When giving explanations we need to consider how well our model represents reality. We can do this by evaluating the performance of the model. Such as by using cross-validation accuracy. Even with good overall performance, some predictions may be more uncertain than others. For example, logistic regression predictions around a 0.5 probability. In your explanation, we may want to mention this uncertainty.
Aimed at target audience
The way you phrase things is important. We rejected your loan because — “You are a crypto-currency trader”, “You work in a risky industry” or “Your income is too unstable”. These are all the same reasons but phrased differently. Some ways of phrasing things will better get your point across. Some may also find certain ways offensive. For example, the first explanation may be taken personally.
You should also refrain from any technical or business jargon. “Income has a positive parameter in our model and your income value is low. So, you were rejected as your income value has significantly increased your default risk.” This is a bad explanation as we have used technical jargon (i.e. “models” and “parameters”). We also have some business jargon (i.e. “default risk”).
Choosing the best way to phrase an explanation is really where the art comes in. It can be the most difficult part of explaining a prediction. It is also not something that is covered well in data science courses or university.
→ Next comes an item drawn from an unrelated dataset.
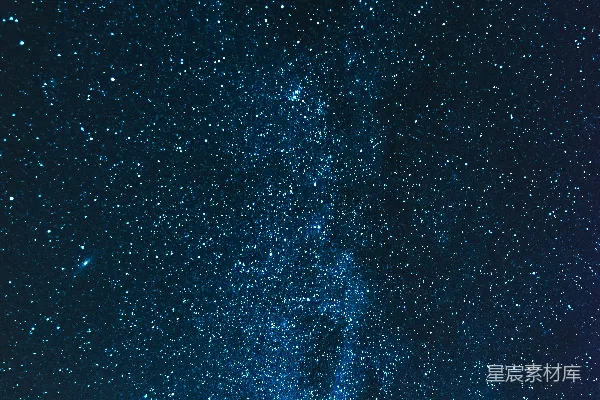高清摄影 星光灿烂的夜空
Ultimately, this skill will come with experience and through developing relationships with customers.
Number of reasons
People only want the main reasons for an event. “Why is inflation so high?” — “Because oil prices have increased.” In reality, inflation can be caused by a combination of factors including wage growth, higher government spending or the exchange rate. However, these may not have had such a significant impact as rising energy costs.
When it comes to ML, people do not want to know how every model feature has impacted a prediction. Generally, explaining the contributions of 1 to 3 features is enough. The question is which contributions do you choose to explain? The next 4 characteristics can help you select which reasons are most appropriate.
Significant
We should select the reasons that are the most significant. In other words, we would only explain the factors that have had a large impact. For our inflation example, we would give the reasons that have caused the largest increases. These reasons will be more readily accepted than those that have had a smaller impact.
For ML, we want to explain the features that have contributed the most to a prediction. The way we determine these features will depend on what model has been used. For linear models, we can look at parameter weights and feature values. Later we see how SHAP values can be used for non-linear models.
General
A good reason could be one that explains many decisions. “Why did you reject my loan application?”- “Because you have a lot of existing debt.” Suppose this is a reason for rejecting many loan applications. This reason would be more readily accepted as its contribution is widely understood.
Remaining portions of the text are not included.